Core Responsibilities
1. Multi-Cloud Architecture & IaC
- Architect scalable, secure, and resilient cloud solutions across Azure and GCP using Infrastructure-as-Code (IaC) tools like Terraform or Bicep.
- Manage multi-cloud infrastructure, optimizing for cost, performance, and reliability with cloud-native services.
- Leverage Azure components (e.g., AAD, Azure Functions, Event Hubs, App GW, Virtual Network, NSG, Load Balancer, Azure VM) for microservices and solutions.
- Leverage GCP components (e.g., Cloud IAM, Cloud Functions, Pub/Sub, Cloud Load Balancing, VPC, Firewall Rules, Cloud Run, GKE, and Compute Engine) for microservices and solutions
- Implement IaC with version control and state management; orchestrate containerized apps using Docker and Kubernetes (AKS/GKE) with service mesh and autoscaling.
- Design disaster recovery, multi-region deployments, and governance via tagging and policies (e.g., Azure Policy).
- Manage databases like Azure SQL, PostgreSQL, MySQL, MongoDB, or TSDB.
2. DevOps & CI/CD Leadership
- Build and maintain CI/CD pipelines using GitHub Actions, Jenkins, or Azure DevOps with parallel execution, artifact management, and automated rollbacks.

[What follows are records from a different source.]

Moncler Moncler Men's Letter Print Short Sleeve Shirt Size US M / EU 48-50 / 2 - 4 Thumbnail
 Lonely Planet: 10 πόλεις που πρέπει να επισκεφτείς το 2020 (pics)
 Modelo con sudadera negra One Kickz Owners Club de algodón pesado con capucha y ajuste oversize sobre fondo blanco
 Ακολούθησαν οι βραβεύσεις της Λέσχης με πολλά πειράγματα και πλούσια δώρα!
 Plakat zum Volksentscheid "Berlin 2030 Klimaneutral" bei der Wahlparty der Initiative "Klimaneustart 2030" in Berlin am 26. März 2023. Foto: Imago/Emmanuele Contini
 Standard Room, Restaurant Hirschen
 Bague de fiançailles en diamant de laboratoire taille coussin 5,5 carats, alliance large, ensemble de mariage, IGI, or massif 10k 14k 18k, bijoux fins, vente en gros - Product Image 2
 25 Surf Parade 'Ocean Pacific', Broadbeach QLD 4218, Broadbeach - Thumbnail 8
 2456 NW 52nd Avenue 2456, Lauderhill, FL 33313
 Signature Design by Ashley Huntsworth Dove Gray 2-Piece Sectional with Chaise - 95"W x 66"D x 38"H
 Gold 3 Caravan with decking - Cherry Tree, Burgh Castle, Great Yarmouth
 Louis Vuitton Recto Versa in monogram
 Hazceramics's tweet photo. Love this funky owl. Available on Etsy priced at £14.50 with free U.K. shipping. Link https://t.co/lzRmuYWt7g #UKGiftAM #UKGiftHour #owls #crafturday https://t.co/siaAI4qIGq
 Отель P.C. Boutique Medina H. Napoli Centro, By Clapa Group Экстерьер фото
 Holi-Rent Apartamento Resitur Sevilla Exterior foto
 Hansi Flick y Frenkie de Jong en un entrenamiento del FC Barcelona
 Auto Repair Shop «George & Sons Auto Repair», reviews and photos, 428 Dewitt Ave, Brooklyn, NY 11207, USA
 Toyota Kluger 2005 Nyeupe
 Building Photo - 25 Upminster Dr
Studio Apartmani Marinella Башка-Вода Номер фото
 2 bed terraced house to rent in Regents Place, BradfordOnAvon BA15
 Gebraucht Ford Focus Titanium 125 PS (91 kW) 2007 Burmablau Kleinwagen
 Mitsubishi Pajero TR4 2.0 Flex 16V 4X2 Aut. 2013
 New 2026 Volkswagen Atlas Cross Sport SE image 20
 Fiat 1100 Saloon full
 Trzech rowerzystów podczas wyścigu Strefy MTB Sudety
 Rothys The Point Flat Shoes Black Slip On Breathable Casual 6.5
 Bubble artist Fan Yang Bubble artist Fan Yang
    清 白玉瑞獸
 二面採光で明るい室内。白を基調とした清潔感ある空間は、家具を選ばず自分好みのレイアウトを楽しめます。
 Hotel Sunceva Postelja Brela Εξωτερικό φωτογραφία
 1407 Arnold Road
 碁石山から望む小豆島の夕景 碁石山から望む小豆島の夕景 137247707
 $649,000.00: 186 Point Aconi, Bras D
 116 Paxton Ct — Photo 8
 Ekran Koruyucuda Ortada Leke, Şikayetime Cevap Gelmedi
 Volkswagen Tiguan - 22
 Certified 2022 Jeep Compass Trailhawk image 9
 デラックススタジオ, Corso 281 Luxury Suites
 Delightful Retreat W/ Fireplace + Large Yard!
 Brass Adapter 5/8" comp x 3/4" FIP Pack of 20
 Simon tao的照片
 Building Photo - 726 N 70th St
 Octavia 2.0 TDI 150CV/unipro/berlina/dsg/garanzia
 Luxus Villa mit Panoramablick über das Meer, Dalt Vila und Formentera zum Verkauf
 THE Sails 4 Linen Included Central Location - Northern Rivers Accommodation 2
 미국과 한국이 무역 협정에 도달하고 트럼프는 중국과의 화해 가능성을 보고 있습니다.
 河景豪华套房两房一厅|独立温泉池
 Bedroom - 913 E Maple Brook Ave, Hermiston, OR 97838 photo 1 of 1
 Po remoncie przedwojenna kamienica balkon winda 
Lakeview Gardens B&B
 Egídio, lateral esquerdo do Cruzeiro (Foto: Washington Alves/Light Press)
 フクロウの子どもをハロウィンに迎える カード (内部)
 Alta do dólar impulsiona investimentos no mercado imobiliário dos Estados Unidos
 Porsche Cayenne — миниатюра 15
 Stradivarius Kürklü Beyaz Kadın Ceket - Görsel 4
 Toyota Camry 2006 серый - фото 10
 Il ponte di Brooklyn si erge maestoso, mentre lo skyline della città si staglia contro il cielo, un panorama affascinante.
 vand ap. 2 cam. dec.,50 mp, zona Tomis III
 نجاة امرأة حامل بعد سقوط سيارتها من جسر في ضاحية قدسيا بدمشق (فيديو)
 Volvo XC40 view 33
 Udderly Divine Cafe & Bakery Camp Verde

- Automate deployment strategies (blue-green, canary, rolling updates, feature flags) to minimize downtime and risk.
- Integrate cloud services, troubleshoot issues, and automate security (vulnerability scanning, secrets management, compliance).
- Code in at least one of: Java, Python, Go, Node.js; experience with SRE development and OpenTelemetry.
3. RunOps & FinOps
- Ensure platform reliability and SLAs through RunOps processes and monitoring with Prometheus, Grafana, ELK Stack, DataDog, or New Relic.
- Develop observability dashboards for Azure/GCP services, set monitoring thresholds, KPIs, and SLAs, and manage large-scale observability data.
- Use tools like Log Analytics, App Dynamics, Splunk, and ServiceNow for monitoring and service management.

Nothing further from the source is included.